Although metrics and the report already provide insights into the performances of the models you’ve fine-tuned, you should always test your models by generating some predictions before putting them in production. For that, SageMaker Canvas allows you to use these models without leaving the application. To do that, SageMaker Canvas deploys for you an endpoint with the fine-tuned model, and shuts it down automatically after 2 hours of inactivity to avoid unintended costs.

To test the models, complete the following steps. Keep in mind that although fine-tuning can improve response style, it may not be a complete solution for providing factual accuracy. For factual accuracy, consider Retrieval Augmented Generation (RAG) architectures and continued pre-training.

Choose Test in Ready-to-Use Models and wait 15–30 minutes for your test endpoint to be deployed.

When the deployment is complete, you’ll be redirected to the SageMaker Canvas playground, with your model pre-selected.

2. Choose Compare and select the FM used for your custom model.
Enter a phrase directly from your training dataset, to make sure the custom model at least does better at such a question and is consistent with the level of verbosity provided in the fine-tuning data.

For this example, we enter the question, “What is the significance of the memory hierarchy in modern computer architectures?”

The fine-tuned Falcon-7B model responded succinctly, like you would expect from an FAQ document:

The memory hierarchy in modern computer architectures is the organization of memory storage within a computer system. The memory hierarchy is important because it determines how memory is accessed and used.

In contrast to the fine-tuned Falcon-7B, the base Falcon-7B model responded verbosely and with an odd beginning:

1 Answer | Add Yours [sic]

The memory hierarchy is the structure of the memory system in a computer system. It is a hierarchy because there are different levels of memory. The memory hierarchy is important because it determines how fast a computer can access memory.

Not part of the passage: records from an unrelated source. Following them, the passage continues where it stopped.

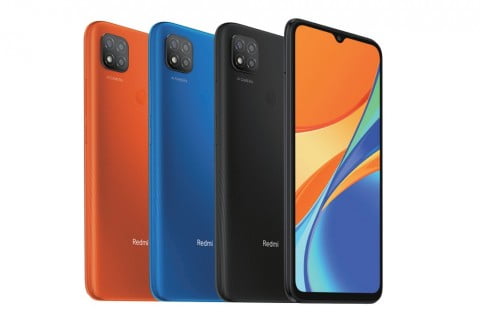 Laku Keras, Xiaomi Redmi 9C Terjual 25.000 Unit Hanya dalam 8 Menit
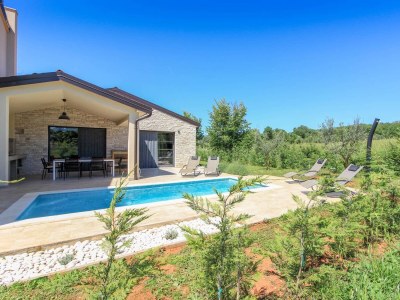 Holiday house Villa Regina in Istria near the sea - Outdoor photo 7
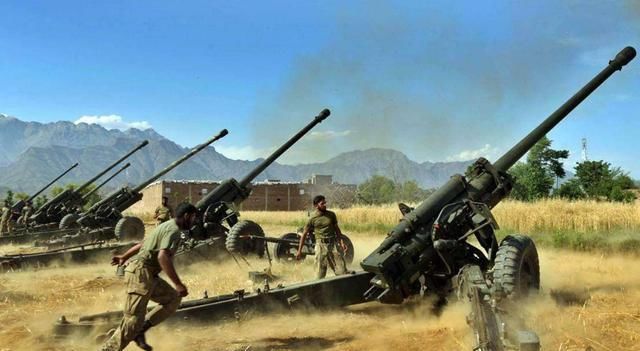  博弈|亚阿边境冲突背后是“大国博弈”？外界干预令局势扑朔迷离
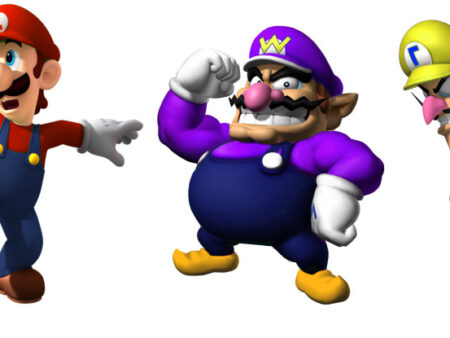 A Chegada Triunfal de um Clássico Perdido: Mario & Wario Finalmente no Ocidente Via Nintendo Switch Online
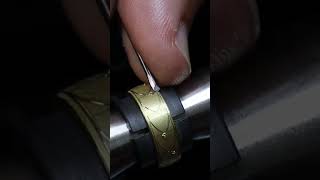 A staple of the trade. #stlouisartist #handengraving  #customengraving #ornamental #acanthus Information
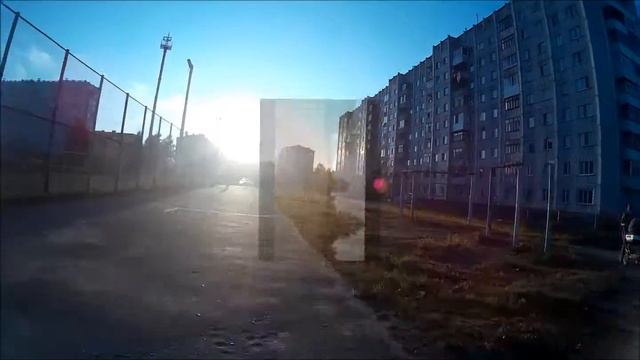 Сосногорск Лето 2015 смотреть онлайн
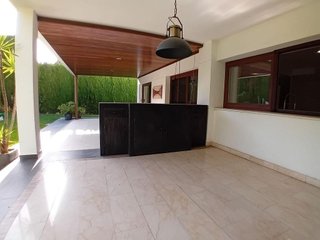 Chalet en alquiler en El Brillante -El Naranjo - El Tablero en Córdoba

The memory hierarchy is made up of levels of memory. The first level of memory is the main memory. This is the memory that is used for the data that is currently being processed. It is also used for the instructions that are currently being processed. The main memory is very fast and is able to access data very quickly.

The second level of memory is the cache memory. This is a level of memory that is much faster than the main memory. It is used to store data that is frequently accessed. It is also used to store instructions that are frequently accessed. The cache memory is much faster than the main memory.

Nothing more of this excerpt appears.